Mathematics 1670

Test 2 Chapters 5,6,7,8

Name: ______

Instructor: Sarah Inkpen

/

Student ID: ______

Section:______

1. The shape of any uniform probability distribution is

A) Negatively skewed

B) Positively skewed

C) Rectangular

D) Bell shaped

2. Suppose that in a certain part of the world in any 50-year period the probability of a major plague is 0.39, the probability of a major famine is 0.52 and the probability of both a plague and a famine is 0.15. What is the probability of a famine given that there is a plague.

A) 0.24

B) 0.288

C) 0.370

D) 0.385

3. A new drug has been developed that is found to relieve nasal congestion in 90 percent of those with the condition. The new drug is administered to 300 patients with the condition. What is the probability that more than 265 will be relieved of nasal congestion?

A) 0.0916

B) 0.1922

C) 0.8078

D) 0.3078

4. Each new employee is given an identification number. The personnel files are arranged sequentially starting with employee number 0001. to sample the employees, the number 0153 was first selected then numbers 0253, 0353, 0453 and so on became members of this sample. This type of sampling is called:

A) Simple random sampling

B) Systematic sampling

C) Stratified random sampling

D) Cluster sampling

5. The mean amount spent by a family of four on food per month is $500 with a standard deviation of $75. Assuming that the food costs are normally distributed, what is the probability that a family spends less than $410 per month?

A) 0.2158

B) 0.8750

C) 0.0362

D) 0.1151

6. Which of the following is NOT true regarding the normal distribution?

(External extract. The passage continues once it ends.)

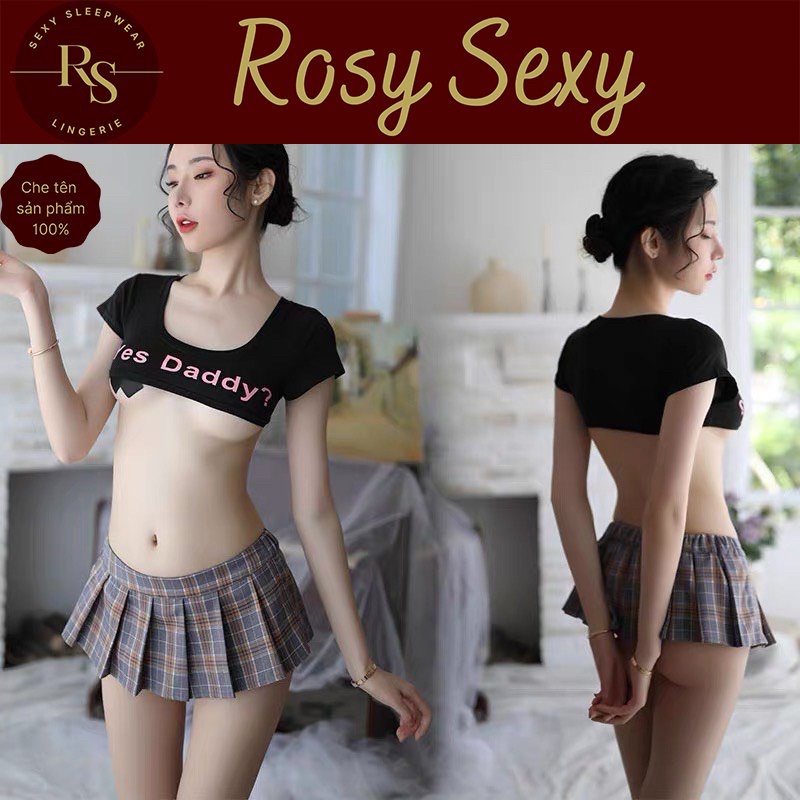 Bộ croptop hở ngực Yes Daddy kèm chân váy caro LG288 | BigBuy360 - bigbuy360.vn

A) Mean, median and mode are all equal

B) It has a single peak

C) It is symmetrical

D) The points of the curve meet the X-axis at z = –3 and z = 3

7. What is the area (percentage) under the normal curve between z = 0.0 and z = 2.0?

A) 1.0000

B) 0.7408

C) 0.1359

D) 0.4772

8. Companies proved to have violated pollution laws are being fined various amounts with the following probabilities.

Fines (QR) 1000 10000 50000 100000

Probability 0.4 0.3 0.2 0.1

What are the mean and standard deviation for the fine variable? C

9. The mean score of a college entrance test is 500; the standard deviation is 75. The scores are normally distributed. What percent of the students scored below 320?

A) About 50.82%

B) About 34.13%

C) About 7.86%

D) About 0.82%

10. In a 1974 “Dear Abby” letter a woman lamented that she had just given birth to her eighth child and all were girls! Her doctor assured her that the chance of the eighth child being a girl was only 1 in 100. What was the real probability that the eighth child would be a girl?

A) 0.5

B) 0.0039

C) 0.01

D) 0

11. A large manufacturing firm tests job applicants who recently graduated from college. The test scores are normally distributed with a mean of 500 and a standard deviation of 50. Management is considering placing a new hire in an upper level management position if the person scores in the upper 6 percent of the distribution. What is the lowest score a college graduate must earn to qualify for a responsible position?

A) 50

B) 625

C) 460

D) 578

12. Two normal distributions are compared. One has a mean of 10 and a standard deviation of 10. The second normal distribution has a mean of 10 and a standard deviation of 2. Which of the following it true?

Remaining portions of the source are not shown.